GitHub displays markdowns files on its web interface in a nice way (the README file you are currently looking at, for example). GitHub even offers an API (https://docs.github.com/en/rest/markdown) for converting markdown into HTML. However, the resulting files lack styling and parts of the HTML structure. MarkdownToHTML helps you remedy these issues.

Usage:

./markdownToHTML.sh INPUTFILE OUTPUTFILE

where

  • INPUTFILE is the path to an input markdown (.md) file or --stdin. In the latter case, the script will read from the standard input.
  • OUTPUTFULE is the path to an output file or --stdout. In the latter case, the script will write to the standard output.

Not providing any argument is equivalent to using --stdin and --stdout.
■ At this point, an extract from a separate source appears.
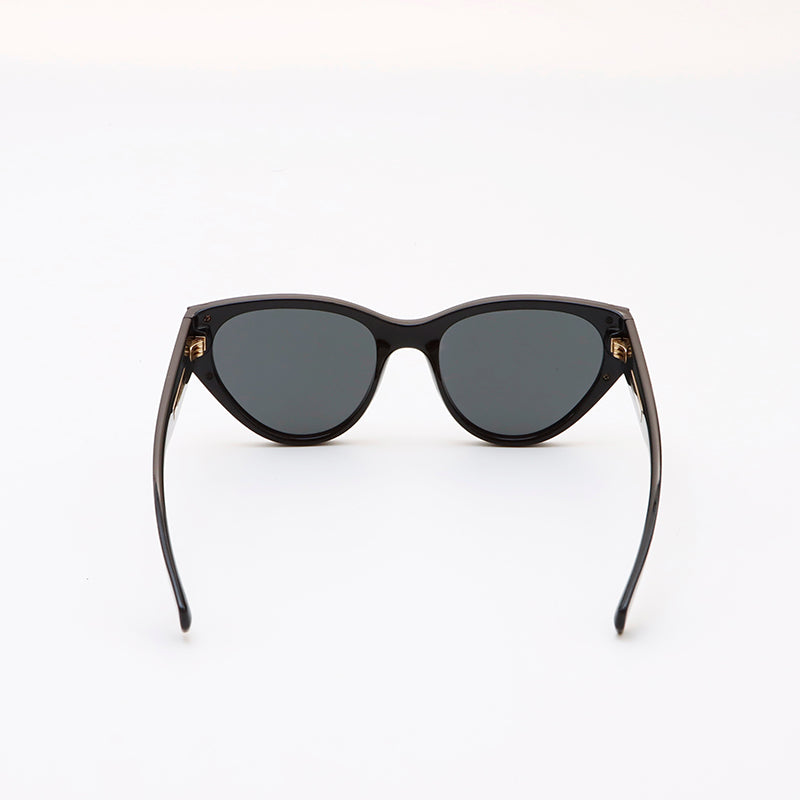小物 CHANEL Vintage sunglasses BLACK coco Chanel CHANEL Round Round Coco Mark Sunglasses Black WS9629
Just providing one argument is equivalent to providing an INPUTFILE and using --stdout.

Note: When using the script via docker run in combination with --stdin or zero arguments, it is important to pass the -i (--interactive) flag.

Steps:

  1. We convert the input markdown file into the body of the HTML file using the aforementioned GitHub API.

  2. We add some HTML structure (<html><head>...</head><body>...</body></html>) using the files from the templates folder.
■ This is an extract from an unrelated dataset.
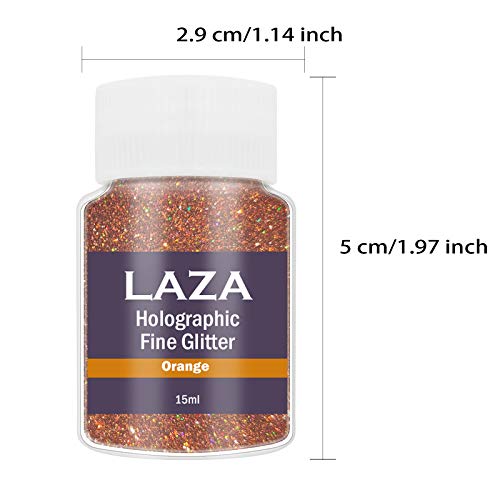 Laza Holografischer feiner Glitzer, 20 Farben Kunst- und Bastelglitzer gemischt ultrafeine Puder-Pailletten für Harz… – Bild 7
  3. We add a <title> tag that sets the browser window title when viewing the HTML file. The title can be specified using the TITLE environment variable (see below). If this variable is not set, the title will be extracted from the filename (title = filename without path and extension).

  4. We add some CSS styling. We use

    By default, we will paste the files from the css/ folder into the HTML code (using <style>...</style>). This behavior can be configured using the CSS_FILES and LINK_CSS environment variables (see below).
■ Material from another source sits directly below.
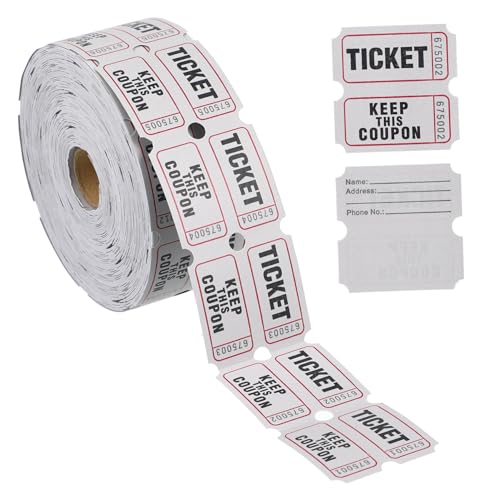 SEWACC 1 Rolle coupon gutscheinheft the gutschrine Ticket verlosen Etikett Eintrittskarten für den Unterricht Karten für Party beschichtetes Papier Light Grey von SEWACC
  5. We get rid of all occurrences of user-content- in the HTML file in order to make sure that links to headings inside the file work.

    Why? A heading My nice Heading in the markdown file will be converted to an <a> tag with the id user-content-my-nice-heading by the GitHub API. In order to make links to headings like #my-nice-heading work, GitHub uses JavaScript on its site to remap #my-nice-heading to #user-content-my-nice-heading. In order to avoid having to embed such JavaScript code, we replace all occurrences of <a id="user-content- by <a id=" in the HTML file. This behavior can be disabled using the SKIP_REPLACEMENT environment variable.

Environment variables

The behavior of MarkdownToHTML can be changed using several environment variables.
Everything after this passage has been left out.